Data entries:
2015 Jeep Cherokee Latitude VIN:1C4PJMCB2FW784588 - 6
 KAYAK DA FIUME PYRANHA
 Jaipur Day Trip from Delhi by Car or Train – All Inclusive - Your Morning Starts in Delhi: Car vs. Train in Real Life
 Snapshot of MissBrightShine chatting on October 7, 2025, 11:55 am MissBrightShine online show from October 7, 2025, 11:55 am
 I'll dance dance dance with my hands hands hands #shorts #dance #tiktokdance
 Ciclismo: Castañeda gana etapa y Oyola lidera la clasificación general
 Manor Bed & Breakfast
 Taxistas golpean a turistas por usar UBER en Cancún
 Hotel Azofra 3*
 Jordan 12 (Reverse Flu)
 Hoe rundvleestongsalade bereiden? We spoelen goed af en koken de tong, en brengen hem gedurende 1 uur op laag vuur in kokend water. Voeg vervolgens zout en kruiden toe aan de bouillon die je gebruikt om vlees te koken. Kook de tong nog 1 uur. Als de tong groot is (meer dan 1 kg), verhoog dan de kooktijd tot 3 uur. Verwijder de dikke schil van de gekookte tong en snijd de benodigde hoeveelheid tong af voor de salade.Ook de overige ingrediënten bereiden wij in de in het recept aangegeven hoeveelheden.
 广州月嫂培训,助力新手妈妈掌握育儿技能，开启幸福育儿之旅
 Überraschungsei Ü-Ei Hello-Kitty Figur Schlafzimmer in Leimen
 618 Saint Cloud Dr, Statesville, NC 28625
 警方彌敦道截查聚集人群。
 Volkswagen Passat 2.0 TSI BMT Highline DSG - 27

ACTION ITEM: Show the lines above that include "from".

EXERCISE RESULT:
 Jaipur Day Trip from Delhi by Car or Train – All Inclusive - Your Morning Starts in Delhi: Car vs. Train in Real Life
 Snapshot of MissBrightShine chatting on October 7, 2025, 11:55 am MissBrightShine online show from October 7, 2025, 11:55 am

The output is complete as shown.